Based on the existing research results, this paper takes the No. 3 connection roadway of drainage roadway at panel 1303 in the “10.20” Rock Burst Accident of Longyun Coal Industry as the engineering background. By using the finite difference numerical simulation method of engineering scale, the deformation and failure evolution of surrounding rock under the superposition of mining disturbance and external dynamic load, and the mechanism of instability causing the disaster are deeply studied through the detailed simulation of the process of roadway formation in the accident roadway and the application of dynamic load.

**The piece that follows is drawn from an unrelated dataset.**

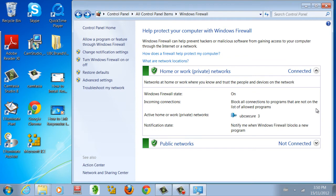And those are the basics of how to manage your firewall. Should you be unsure of any of the changes you made to your firewall, simply press Restore Defaults on the left menu.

The research methods and results can provide an important basis for research in related fields.

2. Project Case of Rock Burst Drivage Roadway

2.1. Engineering Geology Overview of Longyun Coal Industry

Longyun Coal Industry is located in the northeast of Yuncheng County, Shandong Province, China. The No. 3 coal seam is the main and first mining coal seam. The occurrence state of coal seam is relatively stable, with an average thickness of 6.93 m and a buried depth of about 1035 m. The No. 3 coal seam has the characteristics of a composite roof. The roof is mainly mudstone, sandy mudstone, and fine sandstone. The overall strength of the roof is low. The immediate roof is sandy mudstone with a thickness of 2.12 m, the main roof is composed of argillaceous sandstone and fine sandstone with a total thickness of 8.88 m, the immediate floor is sandy mudstone with a thickness of 1.07 m, and the main floor is fine sandstone with a thickness of 2.94 m. The generalized geological column about roof and floor of panel 1303 is shown in Figure 1. According to the impact tendency identification, the No. 3 coal seam and its floor rock have a weak impact tendency, and the roof rock has a strong impact tendency [26].

The strata of panel 1303 strike near the north, and the overall shape is high in the west and low in the east. Affected by the surrounding faults, local coal seams may have certain undulating changes, forming relatively wide and gentle small folds. At the turning end of the folds, fractures in the coal seam and roof will develop, and the coal seam will be broken. Relationship of the roadway in panel 1303 is illustrated in Figure 2.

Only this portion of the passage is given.